(Data records)
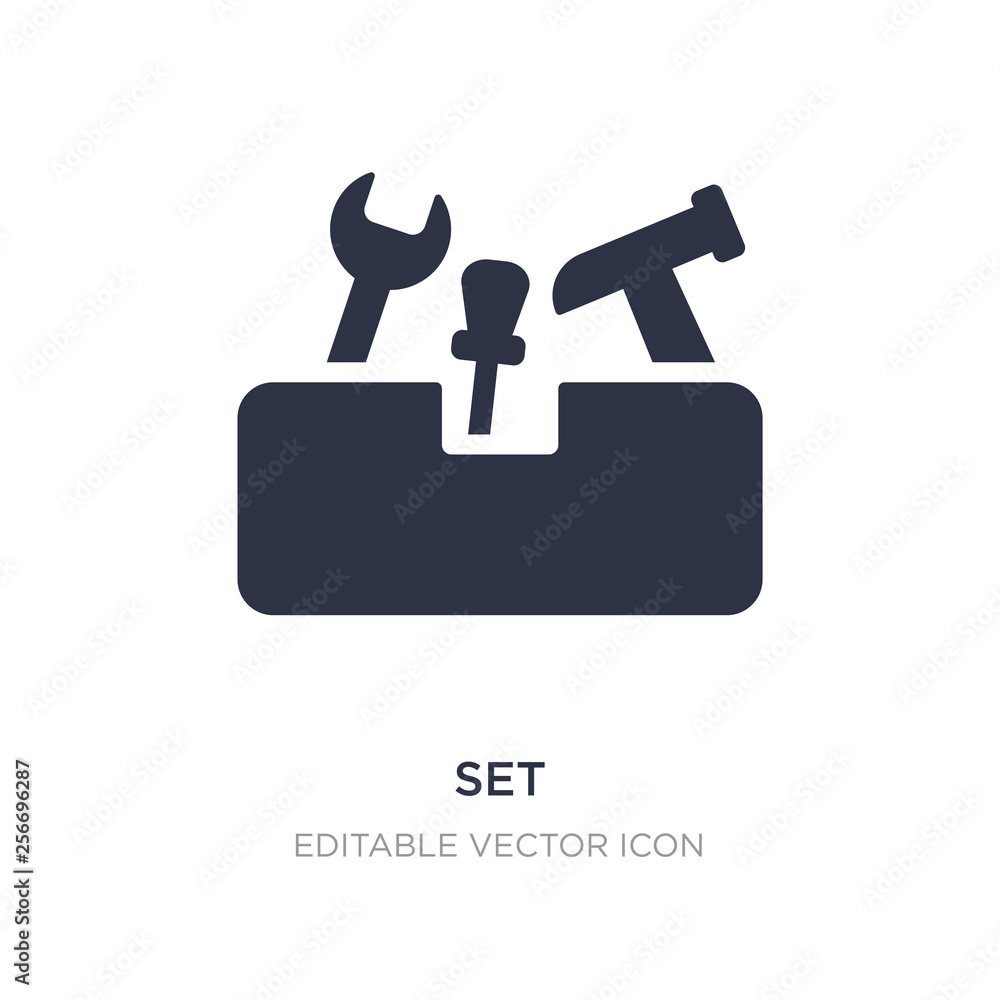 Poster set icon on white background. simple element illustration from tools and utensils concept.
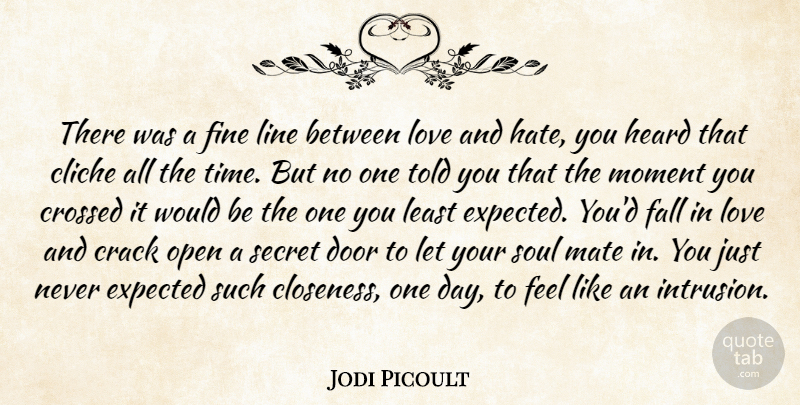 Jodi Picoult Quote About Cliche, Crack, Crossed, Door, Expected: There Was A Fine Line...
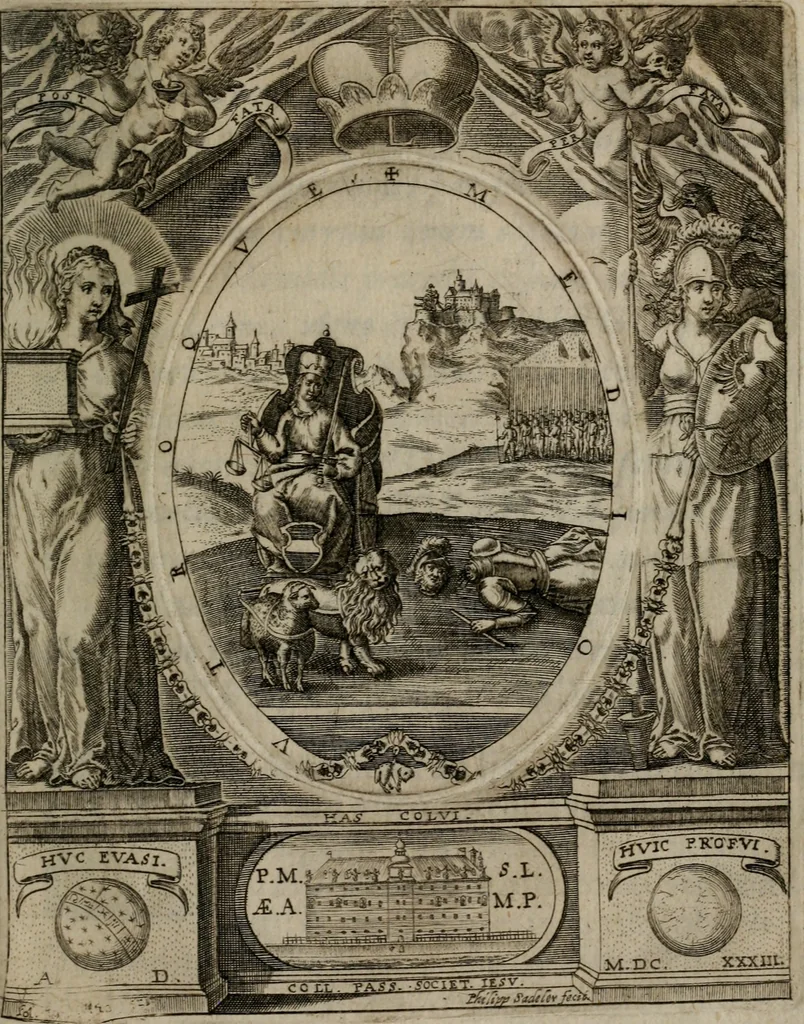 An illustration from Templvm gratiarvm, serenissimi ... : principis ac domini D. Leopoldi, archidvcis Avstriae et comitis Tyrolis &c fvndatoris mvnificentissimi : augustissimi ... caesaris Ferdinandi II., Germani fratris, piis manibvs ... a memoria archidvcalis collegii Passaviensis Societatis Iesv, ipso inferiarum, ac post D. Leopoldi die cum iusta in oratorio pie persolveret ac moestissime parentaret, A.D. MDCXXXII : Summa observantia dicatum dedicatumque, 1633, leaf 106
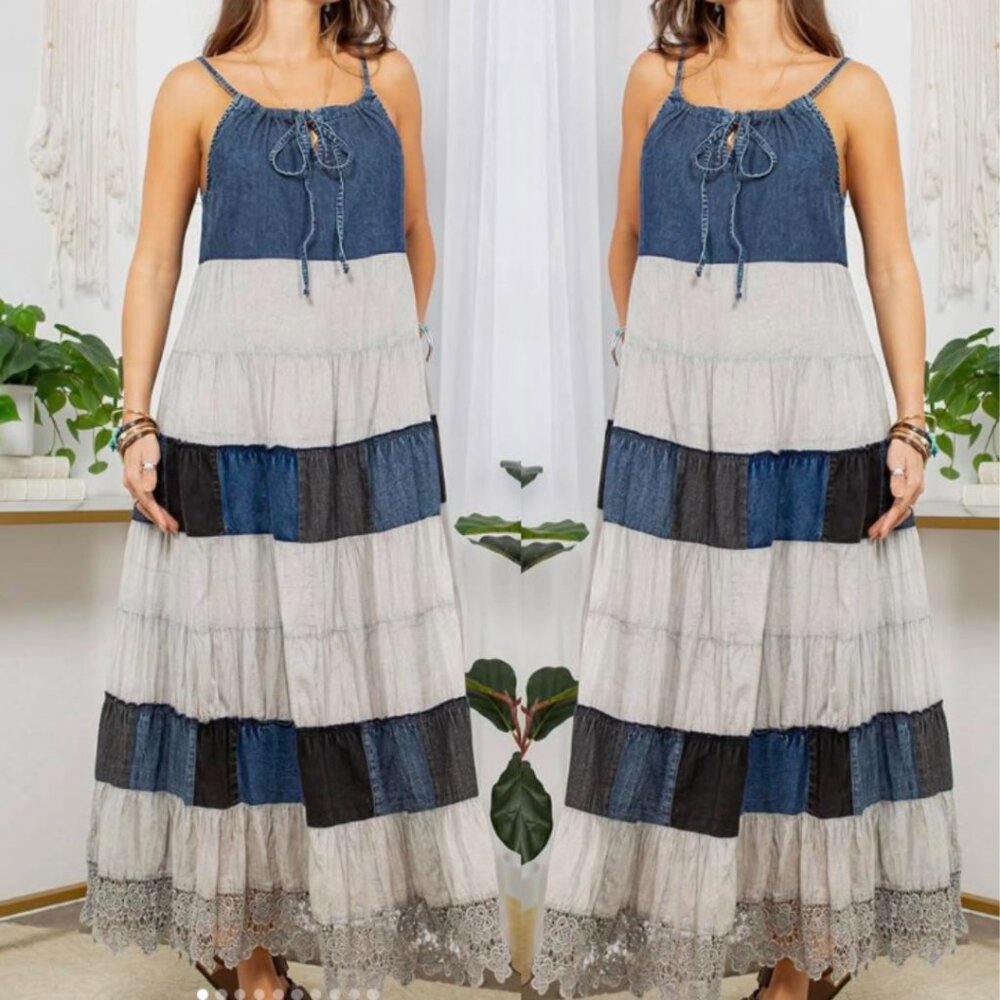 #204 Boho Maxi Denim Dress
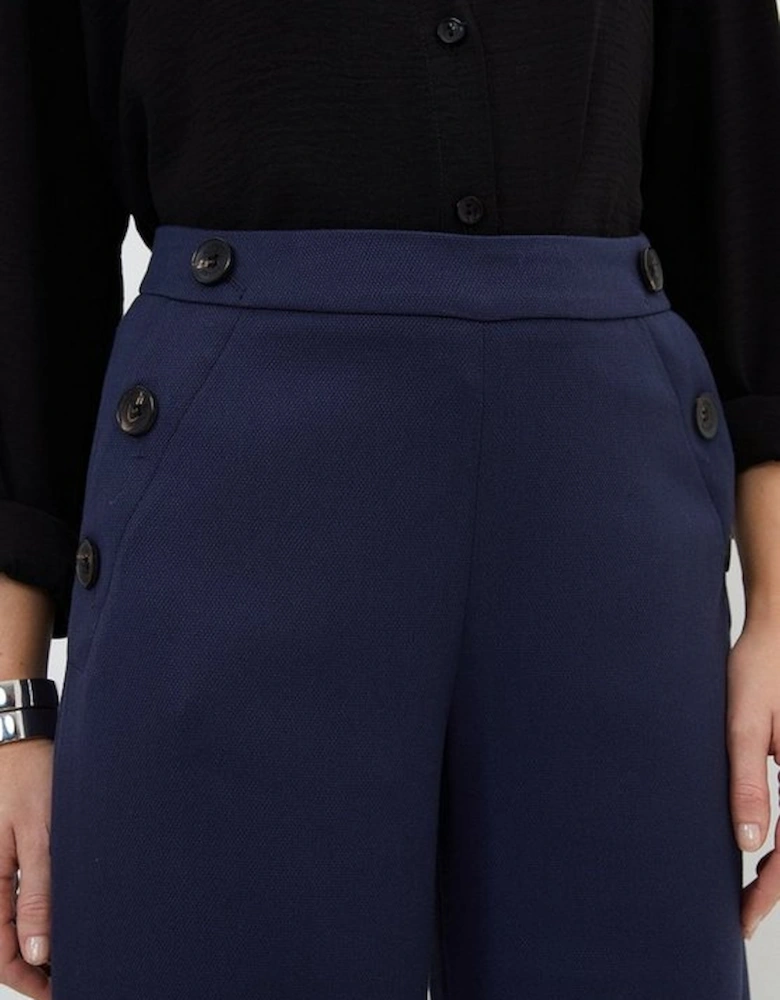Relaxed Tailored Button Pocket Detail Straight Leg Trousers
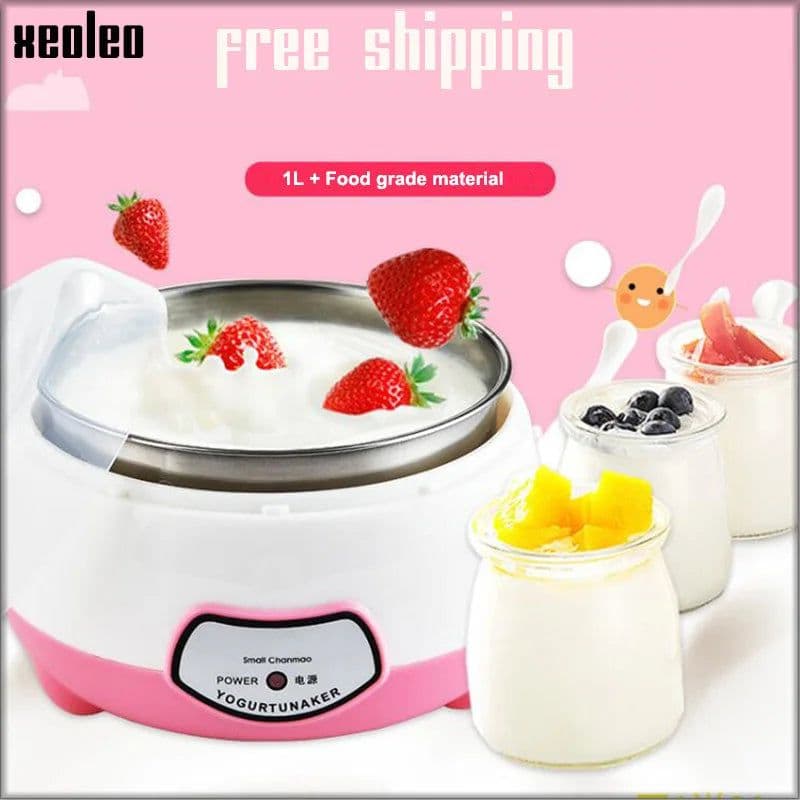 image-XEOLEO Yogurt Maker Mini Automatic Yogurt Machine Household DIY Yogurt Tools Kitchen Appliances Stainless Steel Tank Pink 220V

# [Exercise goal]
Copy the data in full. No pictures belong in the copy.

# [Exercise answer]
 Poster set icon on white background. simple element illustration from tools and utensils concept.
 Jodi Picoult Quote About Cliche, Crack, Crossed, Door, Expected: There Was A Fine Line...
 An illustration from Templvm gratiarvm, serenissimi ... : principis ac domini D. Leopoldi, archidvcis Avstriae et comitis Tyrolis &c fvndatoris mvnificentissimi : augustissimi ... caesaris Ferdinandi II., Germani fratris, piis manibvs ... a memoria archidvcalis collegii Passaviensis Societatis Iesv, ipso inferiarum, ac post D. Leopoldi die cum iusta in oratorio pie persolveret ac moestissime parentaret, A.D. MDCXXXII : Summa observantia dicatum dedicatumque, 1633, leaf 106
 #204 Boho Maxi Denim Dress
Relaxed Tailored Button Pocket Detail Straight Leg Trousers
 image-XEOLEO Yogurt Maker Mini Automatic Yogurt Machine Household DIY Yogurt Tools Kitchen Appliances Stainless Steel Tank Pink 220V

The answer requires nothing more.